Bizim evden buraya mahalle aralarından, ana caddeden ya da yolu iyice uzatıp belediye binalarının arkalarından ulaşabilirsiniz. Hangi rotadan gidersem gideyim, bu parkta bir tur atmadan eve dönmüyorum.
Bugün son aylardakinden farklı olarak kulaklarımda kitap olmadan yürüdüm. Yüksek tempo, bir saat beş buçuk kilometre, kulaklarımda kuşların cıvıltısı vardı sadece. Bizim evin ergeninin doğumgününü müteakip doğa da hafiften uyanmaya başlar malum, penceremin önündeki kavakların yaprakları filiz vermiş, parkımda çiçeklenmiş bazı ağaçlar ve yolumun üstünde bir manolya karşıladı beni, üzerinde birkaç güne kalmaz açacağını müjdeleyen tomurcuklarıyla.

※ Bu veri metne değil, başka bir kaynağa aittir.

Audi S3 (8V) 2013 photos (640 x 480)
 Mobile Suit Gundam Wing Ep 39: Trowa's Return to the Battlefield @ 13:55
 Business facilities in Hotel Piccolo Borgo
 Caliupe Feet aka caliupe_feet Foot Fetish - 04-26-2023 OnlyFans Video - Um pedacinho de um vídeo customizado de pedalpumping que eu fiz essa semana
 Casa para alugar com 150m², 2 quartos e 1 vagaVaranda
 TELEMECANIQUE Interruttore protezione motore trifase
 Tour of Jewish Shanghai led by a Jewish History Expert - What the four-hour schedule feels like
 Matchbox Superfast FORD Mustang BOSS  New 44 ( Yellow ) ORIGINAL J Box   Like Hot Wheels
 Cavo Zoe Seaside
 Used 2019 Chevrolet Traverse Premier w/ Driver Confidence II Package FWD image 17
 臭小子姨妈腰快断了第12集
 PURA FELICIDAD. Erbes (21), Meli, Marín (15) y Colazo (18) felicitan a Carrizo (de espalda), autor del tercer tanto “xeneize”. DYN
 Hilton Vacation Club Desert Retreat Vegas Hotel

Demeter’in sevinci her yerde. Persephone, geldin mi kız yoksa ;)
Ben de kendimi Persephone gibi hissediyorum, ölü toprağı atılmış gibi aylardır kafamı gömdüğüm yerlerden bir umut bir neşe ile baharı karşılamak geliyor içimden. Hiçbir öfkemi bastırmış değilim, belki bir süredir kendimi işle oyalarken kaçmış olabilirim ama hala daha insanın değersizliği üzerinden oluşmuş kültürü kabullenmeye hazır değilim, yine de tüm bunları içimde bir yerlerde yaşamaya devam ederken ben de yaşamaya, yeşermeye, devam etmek istiyorum, bana iyi gelenin bu yeşermek olduğunu hissediyorum.